Mais si d'autres considérations viennent compléter la finalité et par conséquent l'utilité du calcul des flux attendus
- telles les considérations de nature politique sur l'opportunité de projets urbains coûteux, dont l'intérêt pour la
communauté doit être envisagé dans toutes ses dimensions, économique, sociétale, culturelle, monétarisées ou
non, directes ou externes -, alors les formes de mobilité relevant en particulier du "hors pointe" et du "hors
navette" doivent être examinées avec attention, car elles éclairent d'une dimension nouvelle l'utilité sociale des
projets. Or, dans le cadre de l'évaluation socio-économique des projets, nous sommes précisément dans cette
situation et il est donc nécessaire que les modèles de prévision de trafic employés s'attachent à prendre en compte
de façon satisfaisante ces éléments. Qu'il s'agisse en effet des recettes nouvelles, des gains de temps, de confort,
des économies d'utilisation de la voiture..., la monétarisation de ces différents critères suppose que l'on raisonne
sur la globalité des déplacements observés, lesquels sont régis par des comportements de mobilité différents de
ceux relatifs aux seuls déplacements pendulaires.
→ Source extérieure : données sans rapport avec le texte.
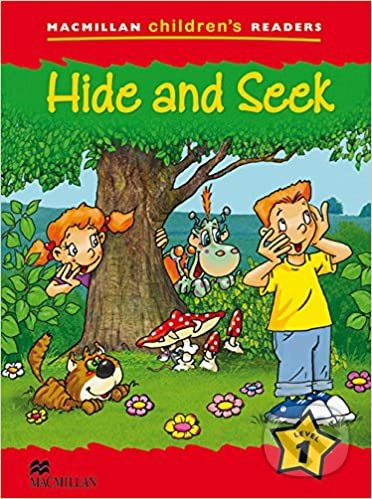 Hide and Seek Level 1 - Paul Shipton - kniha z kategorie Beletrie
Or, comme cela est évoqué à plusieurs reprises dans le rapport, les déplacements mesurés et prévus par les
modèles classiques concernent essentiellement le motif domicile-travail à l'heure de pointe, le passage aux autres
motifs et autres horaires se faisant par application de coefficients de correction successifs. De plus, dans de
nombreux modèles, seuls les déplacements TC sont pris en compte, ce qui exclut en particulier le processus de
transfert modal pourtant important, et conduit implicitement à ne s'intéresser qu'à une population captive.
Si le schéma de mobilité correspondant implicitement à ces choix de modélisation était valide il y plusieurs
années, il apparaît aujourd'hui quelque peu désuet, et ce pour au moins deux raisons :
D'une part, les modèles classiques sont fondés sur une notion restrictive de la mobilité dont la pertinence est de
moins en moins évidente en raison notamment de la complexification des déplacements et du développement de
nouveaux types de comportements (déplacements hors-pointes, pour d'autres motifs que le domicile-travail,
multimodalité, boucles de déplacement... ).
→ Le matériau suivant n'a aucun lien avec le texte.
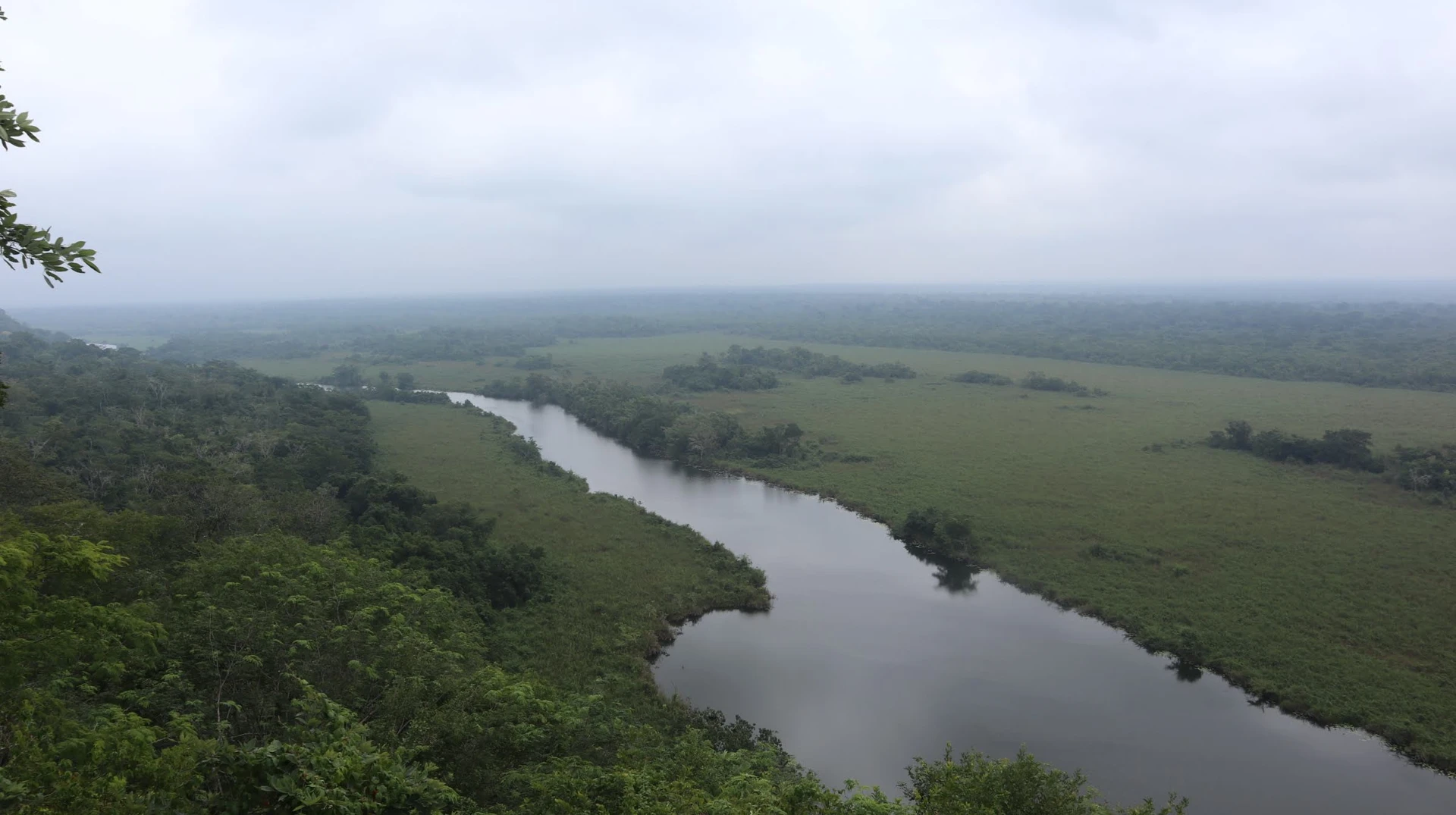 Laguna del Tigre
D'autre part, les modèles classiques sont fondés sur une vision assez mécaniste de la mobilité, où les principales
variables d'intérêt prises en compte dans la modélisation du comportement des individus, sont le coût, le temps et
éventuellement le confort du déplacement (bien que ce dernier élément soit d'ailleurs souvent réduit à la seule
prise en compte du nombre de correspondances effectuées lors du déplacement). De ce fait, la modélisation du
comportement des individus est donc essentiellement fondée sur des arbitrages temps / coût qui ne correspondent
pas nécessairement à la réalité observée. Comme indiqué dans le rapport, d'autres éléments plus subjectifs
comme l'image du système de transport, sa modernité, l'environnement dans lequel il s'insère (aérien ou
souterrain) semblent en effet jouer un rôle non négligeable dans les processus de choix modal. Or ces éléments,
subjectifs et très qualitatifs, ne sont jamais pris en compte de façon satisfaisante dans les modèles.
CONCLUSION
En conséquence, il apparaît que, si les modèles de prévision de trafic remplissent correctement le rôle de
dimensionnement des infrastructures pour lequel ils ont d'ailleurs initialement été développés, leur utilisation
dans le cadre de l'évaluation socio-économique des projets semble en revanche plus contestable.
Dans la perspective d'une meilleure évaluation des infrastructures, il semble en particulier qu'un effort de
modélisation puisse être fait dans le sens d'une meilleure prise en compte des nouvelles formes de mobilité et des
paramètres qui les affectent. Ce point est d'ailleurs d'autant plus important que les déplacements non obligés
semblent se développer fortement et que de nouveaux comportements émergent corrélativement (multimodalité,
nouvelles relations au temps, à la ville et à l'environnement...).